Konsep murur tidak hanya mendorong percepatan dari mobilisasi jemaah haji Indonesia menuju Mina. Akan tetapi, murur menjadi ruang dialektis dari pendekatan hukum Islam terhadap kondisi-kondisi pelaksanaan ibadah haji. Murur menjadi jalan tengah mengurangi risiko-risiko yang memungkinkan terjadi sekaligus merekontekstualisasi hukum Islam untuk memudahkan jemaah haji dalam proses menjalankan ibadah (mempertahankan nilai yang lama yang masih baik dan menerima nilai baru yang lebih baik).
Selain murur, Kementerian agama juga memperkenalkan skema tanazul sebagai solusi lain untuk meningkatkan kenyamanan jemaah. Terobosan ini bertujuan mengurangi kepadatan jemaah haji saat mabit atau bermalam di tenda Mina. Konsep tanazul memungkinkan jemaah yang tinggal di hotel dekat area Jamarat atau lokasi lontar jumrah untuk kembali ke hotel setelah melempar Jumrah Aqabah. Dengan demikian, jemaah tidak perlu menempati tenda di Mina namun tetap menjalankan kewajiban bermalam sesuai ketentuan.

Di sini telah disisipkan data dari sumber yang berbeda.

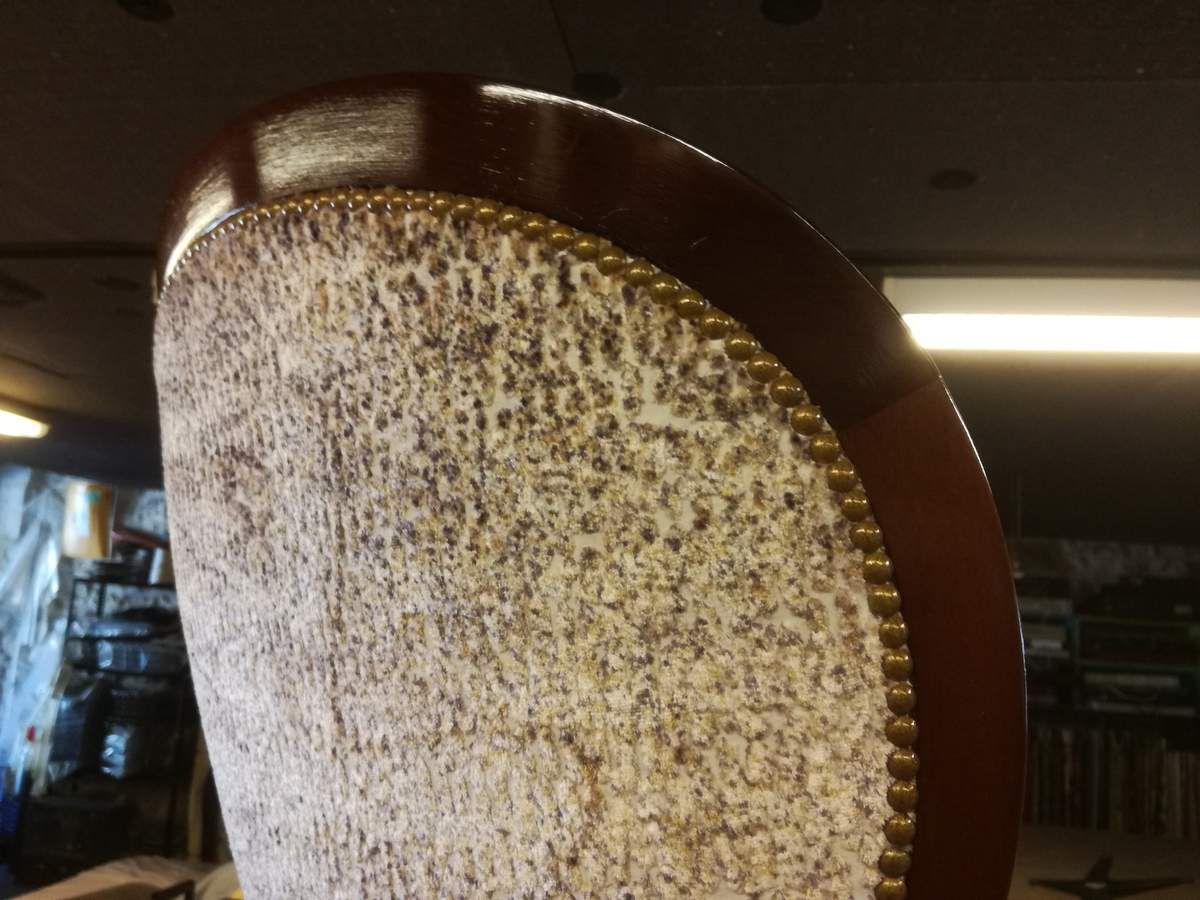Restauration fauteuil Pompadour atelier hafner Tonnay-charente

Dengan demikian, Pelaksanaan puncak ibadah haji di Arafah, Muzdalifah, dan Mina (Armuzna) merupakan titik krusial dari seluruh rangkaian ibadah haji. Selain menjadi puncak prosesi ibadah haji, Armuzna bisa menjadi tolok ukur dari berhasil dan tidaknya penyelenggaraan haji. Semoga seluruh Jamaah haji mendapatkan gelar yang disebut haji mabrur. Wallahu’alam

Penulis Adalah Pimpinan Pondok Pesantren Fathul Adzmi Cikedal Pandeglang / Penulis Buku Islam Dalam Transformasi Kehidupan & Buku Kepemimpinan Pendidikan Transformasional.